It’s useful to split cipher from aes_data in blocks; we have a partially known plaintext, because we know how content is built. We can see from cipher that we have 8 blocks; let’s see the plaintext, filling unknown bytes in timestamp, nonce and password:

{"choice": "logi
n", "timestamp":
 1637422729, "no
nce": "163ae3421
69b5674", "usern
ame": "admin", "
password": "AAAA
AAAAAAAAAAAAA"}

The password will be at least 4 characters and at most 17 characters. From server.py, we have the hint that it follows the “strong password policy”, so it contains lowercase, uppercase, digits and punctuation characters.
If we wanted to play with these blocks, like duplicating some of them, doing CBC bitflipping and so on, we would broke the mac check.
It also seems that we can’t do a CBC padding oracle attack because we’ve got a generic error message.

Forging a valid mac by using approaches like hash length extension attack isn’t feasible, because it is computed using HMAC.
We don’t even have the hash of admin’s password, so it’s difficult to work on MD5 collisions. An idea was that, in theory, if you compute MD5 many times starting from two different values, at a certain point the two processes should converge to the same value. But maybe this is not practical in our case, with a number of iterations equal to 7777. Anyway, we observe that this number of iteration is enough to take a sensitive computation time.

This observation leads us to the conclusion that we can use the elapsed time as oracle for the CBC padding oracle attack. In fact, in AES_decrypt the server first checks the padding and returns if the check fails, then it checks the mac. The mac check takes more time, ~100 ms delta on the challenge server (it’s hard to say for sure, because it’s hard to make a remote timing attack: there is network jitter and there are the other users stressing the server in a non-deterministic way).
Before diving into the technical details of the exploit, it’s useful to carry here AES_decrypt function, so long as it is our target:

from cryptography.hazmat.primitives.ciphers import Cipher, algorithms, modes
from cryptography.hazmat.primitives import hashes, hmac

def AES_decrypt(key, enc_data):
    # key: aes_key || hmac_key
    aes_key = key[:24]
    hmac_key = key[24:]
    # enc_data: iv || cipher || mac
    iv, cipher, mac = enc_data[:16], enc_data[16:-16], enc_data[-16:]
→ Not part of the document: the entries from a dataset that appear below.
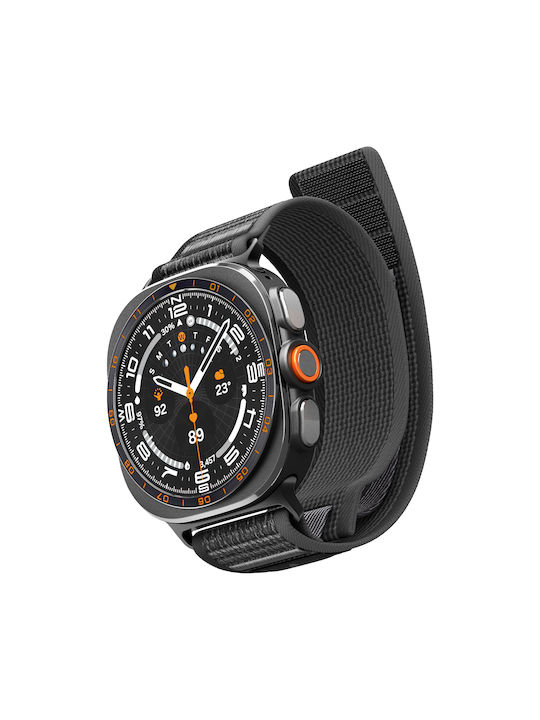 Spigen Athlex Air Fabric Strap Black (Galaxy Watch Ultra / Ultra 2)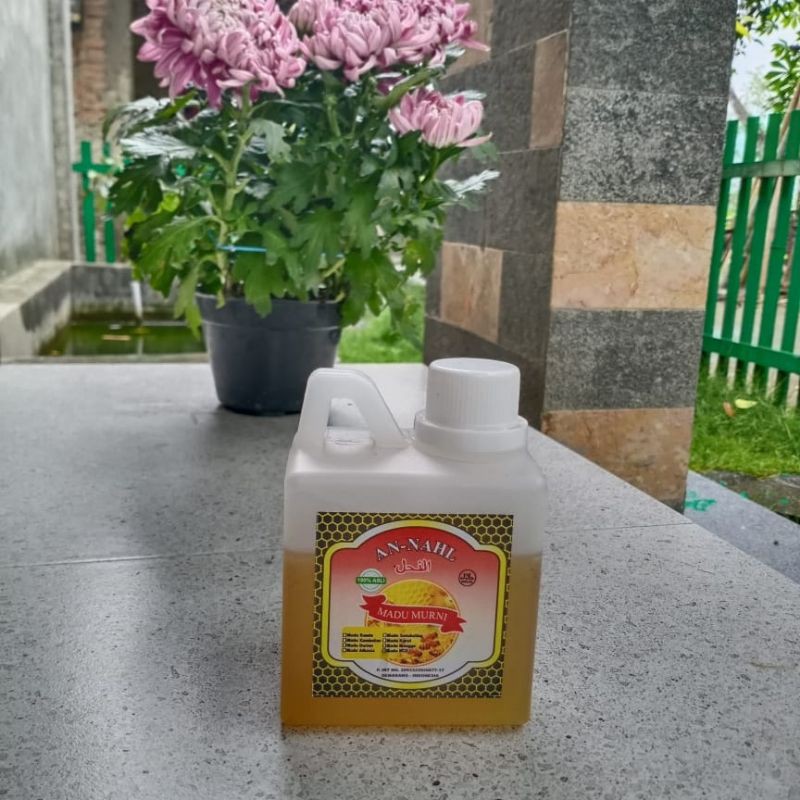 

Madu Murni An Nahl Asli 500 gram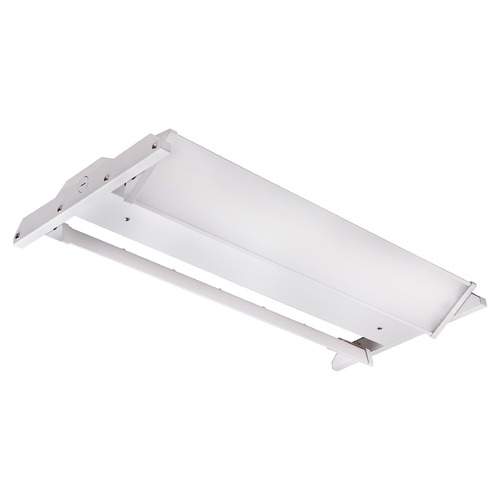 Satco Lighting 135W LED Dual Head Adjustable High Bay 19562LM 4000K 100Deg by Satco Lighting 65/643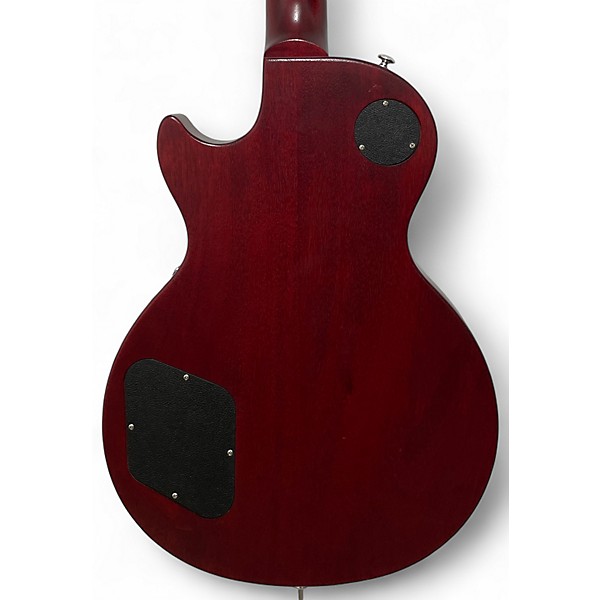 Used Gibson Les Paul Studio Faded Faded Cherry Solid Body Electric Guitar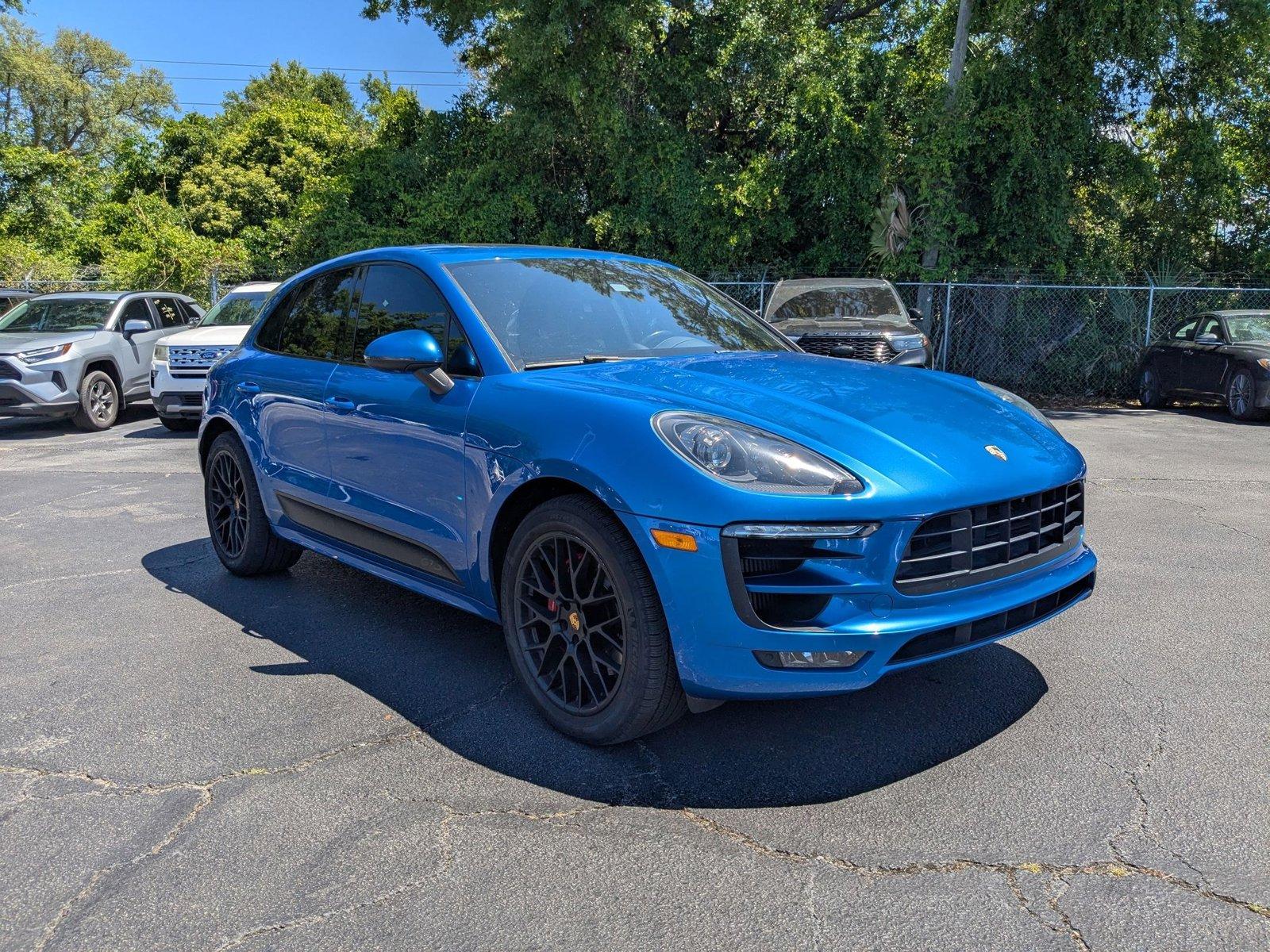 2018 Porsche Macan Vehicle Photo in Panama City, FL 32401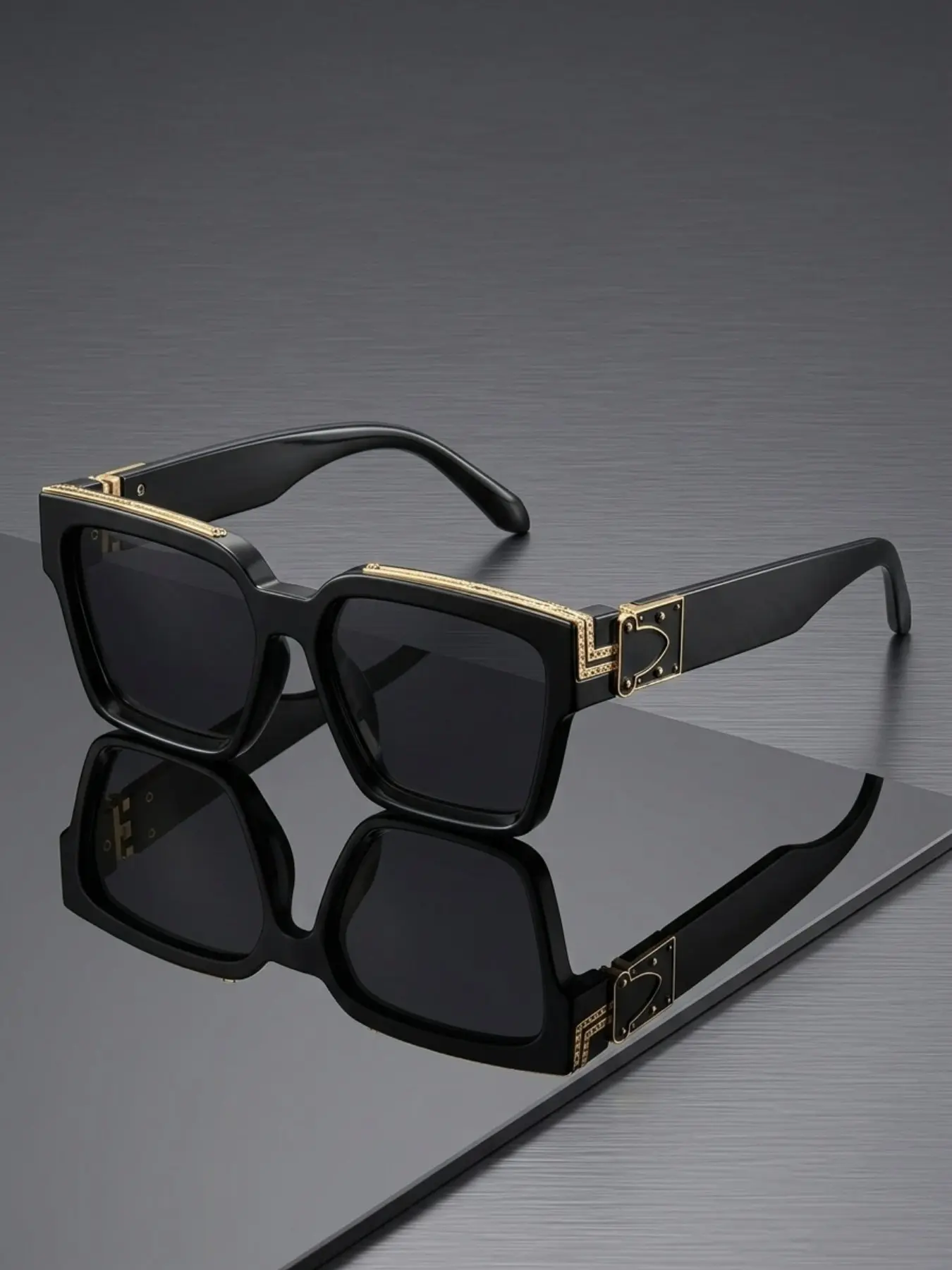 Dolce & Gabbana 54mm Polygon Sunglasses dolce gabbana sunglasses men - TikTok Shop main image 3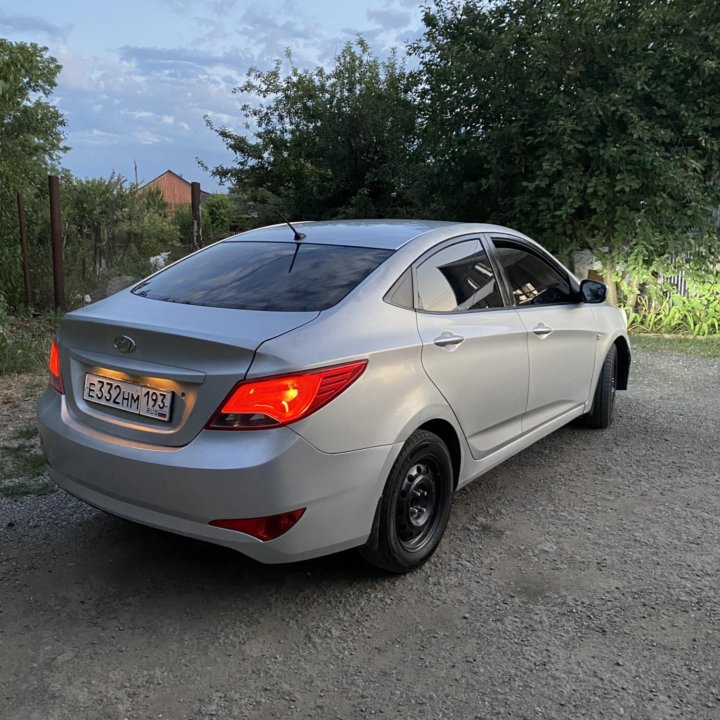 Hyundai Solaris, 2014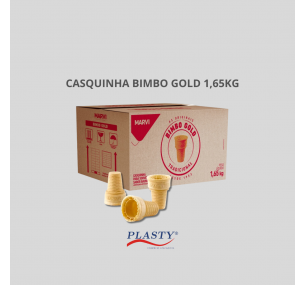 Casquinha Bimbo Gold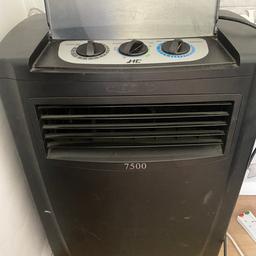 Air con machine
Good working order just don’t use it, a few marks on it but doesn’t effect how it works.
Collection only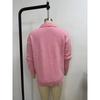 Damen S Gestrickter Knopf-Cardigan Pullover Mantel Einfarbige Langarm Freizeit
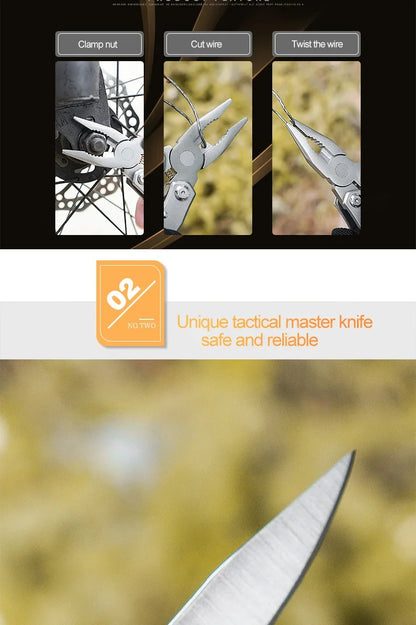 Folding Multi Survival Tool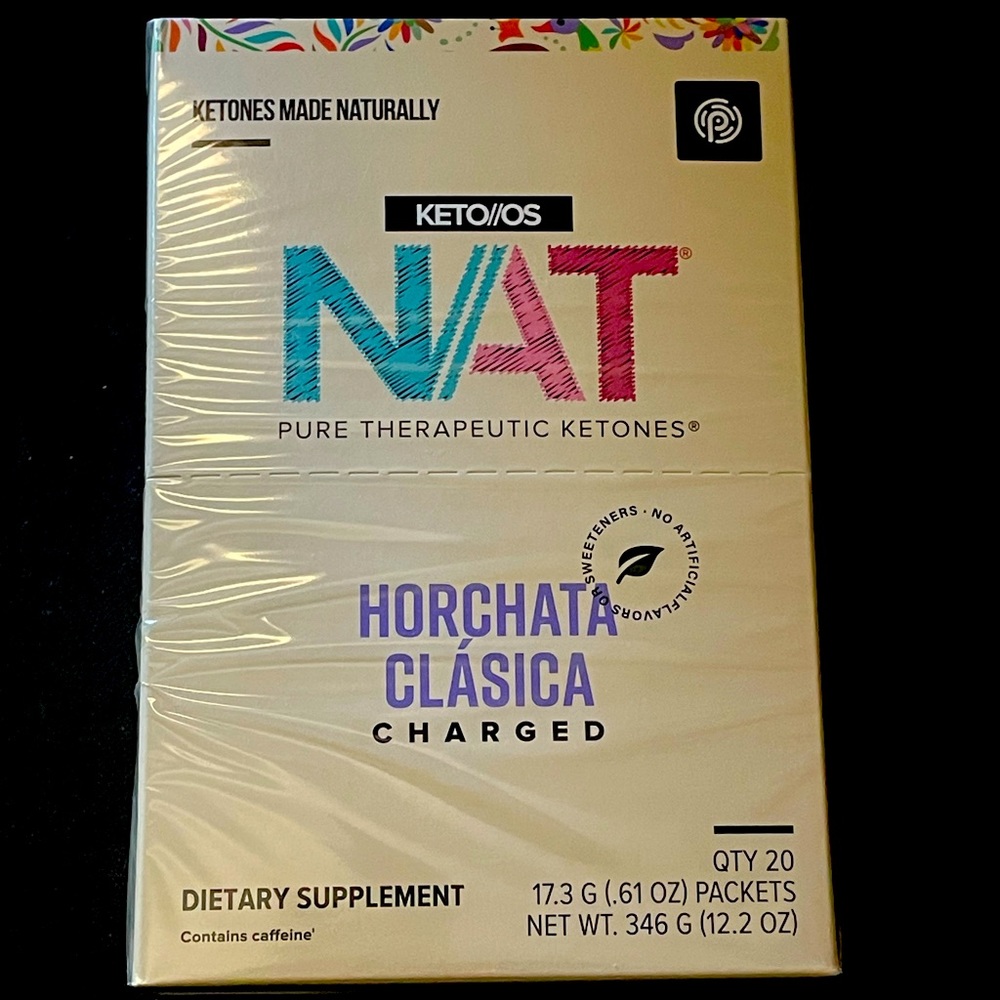 Prüvit Keto OS Horchata Clásica Ketones (charged)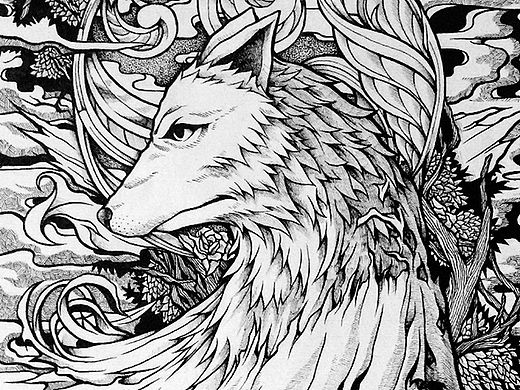 WOLF'S RAIN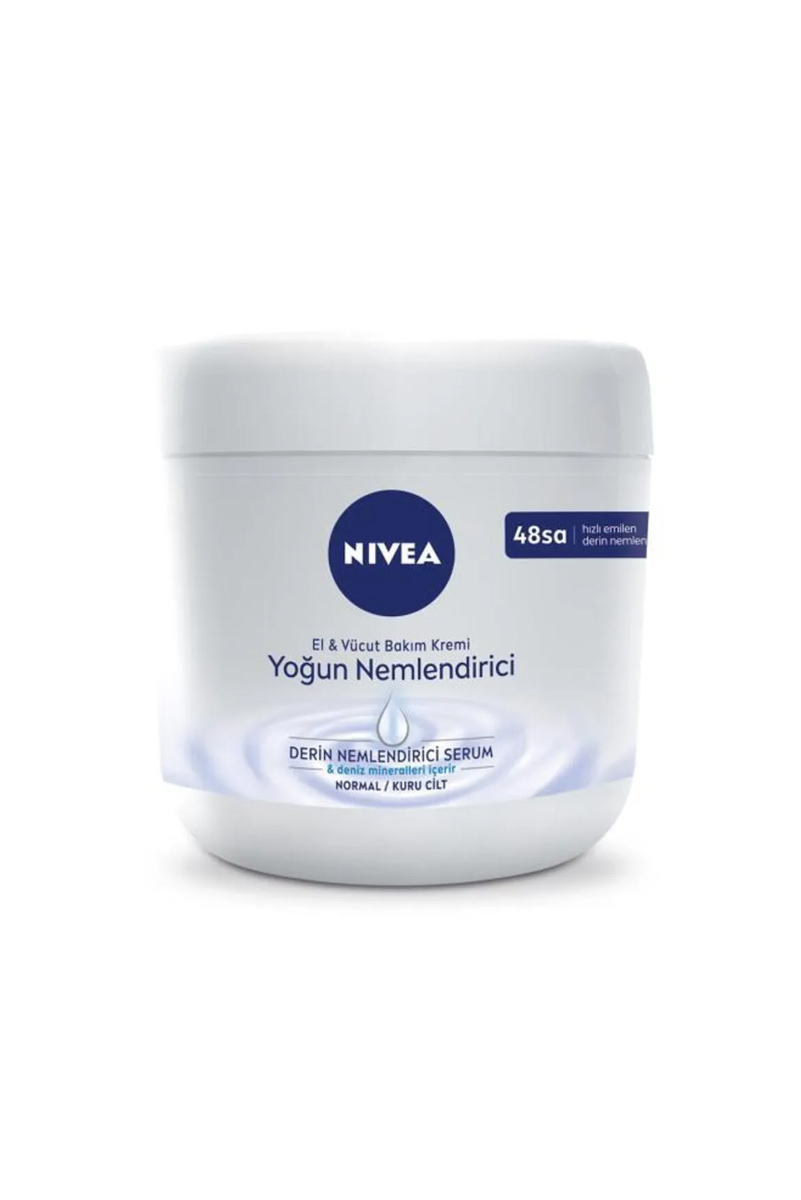 کرم مرطوب کننده قوی دست و بدن پوست های خشک NIVEA حجم 400 ml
    aes = Cipher(algorithms.AES(aes_key), modes.CBC(iv))
    decryptor = aes.decryptor()
    data = decryptor.update(cipher) + decryptor.finalize()

    # check padding
    print(data)
    data = unpad(data)
    if not data:
        return None, "padding error"

    # check hmac
    cal_mac = iv + cipher
    for _ in range(7777):    # enhanced secure
        h = hmac.HMAC(hmac_key, hashes.MD5())
        h.update(cal_mac)
        cal_mac = h.finalize()
    if cal_mac != mac:
        return None, "hmac error"

    return data, None

We also included the imported libraries, for completeness.

Exploit

In order to perform a remote time-based CBC padding oracle attack we have to understand how this type of attack works and how to extract the error type from the elapsed time.

A padding oracle attack consists of multiple decryption requests aimed at obtaining informations through the response of the server: if the padding validation is successful we obtain a decrypted byte, otherwise we need to retry with a different input. Using this approach we can decrypt a block with at most 256*BLOCK_SIZE requests, far fewer than the usual 256^BLOCK_SIZE (256 raised to BLOCK_SIZE).

Let’s analyze briefly our exploit code (a modified version of the code from https://github.com/jjcomline/padding-oracle-attack):

def attack_message(msg: bytes, _seal: bytes, n: int, HOST: str, PORT: int, first_block = 0) -> str:
    plaintext = [0]*BLOCK_SIZE
    current = 0
    message=""

    # I devide the list of bytes in blocks, and I put them in another list
    number_of_blocks = int(len(msg)/BLOCK_SIZE)
    blocks = [msg[i*BLOCK_SIZE:(i+1)*BLOCK_SIZE] for i in (range(number_of_blocks))]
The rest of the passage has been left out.